Task brief:
The line containing "DoubleTree by Hilton" and all lines following it in the listing below are to be reproduced exactly, with no other lines.

Recorded data:
"""

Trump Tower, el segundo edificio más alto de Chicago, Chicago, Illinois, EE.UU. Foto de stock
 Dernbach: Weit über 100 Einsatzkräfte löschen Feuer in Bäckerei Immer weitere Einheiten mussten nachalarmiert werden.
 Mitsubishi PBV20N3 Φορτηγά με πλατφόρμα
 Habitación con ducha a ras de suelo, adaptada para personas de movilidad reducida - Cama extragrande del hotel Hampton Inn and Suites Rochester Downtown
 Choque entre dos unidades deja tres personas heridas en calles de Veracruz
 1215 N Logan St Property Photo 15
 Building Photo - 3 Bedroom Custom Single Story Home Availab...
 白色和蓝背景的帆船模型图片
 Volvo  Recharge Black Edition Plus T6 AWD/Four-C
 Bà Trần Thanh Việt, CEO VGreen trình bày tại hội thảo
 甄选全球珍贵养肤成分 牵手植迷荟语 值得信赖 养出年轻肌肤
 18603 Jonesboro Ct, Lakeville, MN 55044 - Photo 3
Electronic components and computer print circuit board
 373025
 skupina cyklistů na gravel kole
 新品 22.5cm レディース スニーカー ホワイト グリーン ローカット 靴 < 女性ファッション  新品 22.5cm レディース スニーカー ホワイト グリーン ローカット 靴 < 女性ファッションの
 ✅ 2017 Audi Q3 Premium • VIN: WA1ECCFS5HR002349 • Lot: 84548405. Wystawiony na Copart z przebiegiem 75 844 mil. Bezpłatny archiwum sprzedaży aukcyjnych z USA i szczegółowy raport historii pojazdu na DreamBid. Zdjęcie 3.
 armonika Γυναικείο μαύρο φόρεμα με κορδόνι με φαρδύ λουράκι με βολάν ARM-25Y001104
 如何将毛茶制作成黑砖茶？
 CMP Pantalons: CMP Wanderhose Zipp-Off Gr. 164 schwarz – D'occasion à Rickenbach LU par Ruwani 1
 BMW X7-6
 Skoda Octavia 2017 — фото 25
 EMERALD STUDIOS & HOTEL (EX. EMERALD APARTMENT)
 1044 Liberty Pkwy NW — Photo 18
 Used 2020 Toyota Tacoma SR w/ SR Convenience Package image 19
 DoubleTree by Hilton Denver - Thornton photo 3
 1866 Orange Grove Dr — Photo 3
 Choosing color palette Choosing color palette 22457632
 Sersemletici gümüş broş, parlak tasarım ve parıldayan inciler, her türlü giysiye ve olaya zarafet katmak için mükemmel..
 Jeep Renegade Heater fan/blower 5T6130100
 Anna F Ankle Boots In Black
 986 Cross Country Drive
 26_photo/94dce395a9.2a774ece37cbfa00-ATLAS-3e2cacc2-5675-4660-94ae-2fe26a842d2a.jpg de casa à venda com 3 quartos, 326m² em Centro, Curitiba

"""

Finished task:
 DoubleTree by Hilton Denver - Thornton photo 3
 1866 Orange Grove Dr — Photo 3
 Choosing color palette Choosing color palette 22457632
 Sersemletici gümüş broş, parlak tasarım ve parıldayan inciler, her türlü giysiye ve olaya zarafet katmak için mükemmel..
 Jeep Renegade Heater fan/blower 5T6130100
 Anna F Ankle Boots In Black
 986 Cross Country Drive
 26_photo/94dce395a9.2a774ece37cbfa00-ATLAS-3e2cacc2-5675-4660-94ae-2fe26a842d2a.jpg de casa à venda com 3 quartos, 326m² em Centro, Curitiba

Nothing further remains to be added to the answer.